DAILY BRIEFING
USDA: Many Bias Cases Settled
The Agriculture Department says it has made major strides in resolving discrimination complaints from black farmers, but the department's critics say USDA is still moving too slowly to address its legacy of discrimination.
"We are facing up to our past," Agriculture Secretary Dan Glickman said at an employee gathering to mark the agency's civil rights accomplishments.
Glickman said USDA has resolved 229 of 1,118 discrimination complaints involving denial of farm loans and other benefits, the Associated Press reported. The government has reached 15 major settlements with black farmers, who were paid $4.7 million in damages.
"We're clearly not done," Glickman said. "In many respects, it's been harder than we thought."
Some members of Congress remained critical.
"I find the USDA's success in settling only a handful of black farmers' cases, of the thousands still sandbagged in the system, an insult," Rep. Cynthia McKinney, D-Ga., said.
Rep. Maxine Waters, D-Calif., said it's unfair that some farmers have had to wait so long to have their complaints handled. "They were misled by their government," she said. "They filed their complaints in a timely way. They had no way of knowing they were not being take care of."
One major obstacle, Waters said, is a Justice Department conclusion that many black farmers who filed before 1994 are blocked by the statute of limitations.

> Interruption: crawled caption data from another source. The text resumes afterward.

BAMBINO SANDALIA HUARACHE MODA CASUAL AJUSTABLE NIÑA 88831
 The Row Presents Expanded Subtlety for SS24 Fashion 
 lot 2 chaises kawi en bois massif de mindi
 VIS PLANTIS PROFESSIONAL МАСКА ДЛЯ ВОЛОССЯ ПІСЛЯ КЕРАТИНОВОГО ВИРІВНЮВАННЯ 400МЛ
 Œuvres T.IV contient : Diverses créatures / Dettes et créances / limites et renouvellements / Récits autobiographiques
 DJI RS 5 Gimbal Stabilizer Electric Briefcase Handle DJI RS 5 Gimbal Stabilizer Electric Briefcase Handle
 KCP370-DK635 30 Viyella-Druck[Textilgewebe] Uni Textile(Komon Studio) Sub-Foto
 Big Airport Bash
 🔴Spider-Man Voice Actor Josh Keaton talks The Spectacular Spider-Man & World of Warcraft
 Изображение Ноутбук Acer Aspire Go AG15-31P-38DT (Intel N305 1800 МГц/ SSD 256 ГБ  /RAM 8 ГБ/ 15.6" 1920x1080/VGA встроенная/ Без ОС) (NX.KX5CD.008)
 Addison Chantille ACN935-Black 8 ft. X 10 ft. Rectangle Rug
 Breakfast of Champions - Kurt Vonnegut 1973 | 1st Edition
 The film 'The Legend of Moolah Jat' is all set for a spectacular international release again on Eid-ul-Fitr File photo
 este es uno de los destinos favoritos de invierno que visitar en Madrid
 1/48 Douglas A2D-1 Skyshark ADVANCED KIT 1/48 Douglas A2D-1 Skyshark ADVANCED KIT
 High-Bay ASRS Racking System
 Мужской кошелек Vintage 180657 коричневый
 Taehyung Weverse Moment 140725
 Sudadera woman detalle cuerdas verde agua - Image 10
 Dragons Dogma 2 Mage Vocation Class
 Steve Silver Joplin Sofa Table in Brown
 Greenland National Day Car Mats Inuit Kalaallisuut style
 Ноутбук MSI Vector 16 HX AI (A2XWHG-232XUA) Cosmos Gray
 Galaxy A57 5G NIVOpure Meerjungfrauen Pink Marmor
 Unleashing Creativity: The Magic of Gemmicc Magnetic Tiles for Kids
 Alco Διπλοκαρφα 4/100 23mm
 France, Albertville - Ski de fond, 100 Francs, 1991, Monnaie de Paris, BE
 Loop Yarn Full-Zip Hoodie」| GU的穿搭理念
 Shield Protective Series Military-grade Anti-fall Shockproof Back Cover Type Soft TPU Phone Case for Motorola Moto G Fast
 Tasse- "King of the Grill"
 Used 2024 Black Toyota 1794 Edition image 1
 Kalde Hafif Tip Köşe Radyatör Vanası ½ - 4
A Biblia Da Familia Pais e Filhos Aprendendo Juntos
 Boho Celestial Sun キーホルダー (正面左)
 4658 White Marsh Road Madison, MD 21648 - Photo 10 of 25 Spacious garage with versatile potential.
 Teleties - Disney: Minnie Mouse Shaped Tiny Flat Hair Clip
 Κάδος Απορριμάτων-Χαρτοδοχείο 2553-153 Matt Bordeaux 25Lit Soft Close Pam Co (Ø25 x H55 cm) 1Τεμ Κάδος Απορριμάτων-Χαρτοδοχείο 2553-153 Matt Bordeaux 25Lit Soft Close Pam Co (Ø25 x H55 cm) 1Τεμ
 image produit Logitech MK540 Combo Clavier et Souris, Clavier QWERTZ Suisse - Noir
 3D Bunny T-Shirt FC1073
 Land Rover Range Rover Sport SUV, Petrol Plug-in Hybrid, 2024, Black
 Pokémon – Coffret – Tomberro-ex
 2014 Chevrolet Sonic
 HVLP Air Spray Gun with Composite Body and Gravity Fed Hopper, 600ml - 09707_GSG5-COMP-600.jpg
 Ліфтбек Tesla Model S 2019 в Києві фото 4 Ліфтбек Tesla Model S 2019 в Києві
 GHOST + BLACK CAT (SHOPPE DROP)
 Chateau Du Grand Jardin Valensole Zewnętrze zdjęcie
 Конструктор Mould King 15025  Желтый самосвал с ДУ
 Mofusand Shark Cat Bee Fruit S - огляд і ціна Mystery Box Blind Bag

A group of farmers filed a federal lawsuit in an attempt to resolve the issue. This week in U.S. District Court, Judge Paul Friedman will be asked to decide whether the statute of limitations applies, to certify the case as a class action for some 2,500 farmers and to set a trial date.
"A national settlement isn't going to occur unless the government realizes the alternative is a trial," an attorney representing the farmers said.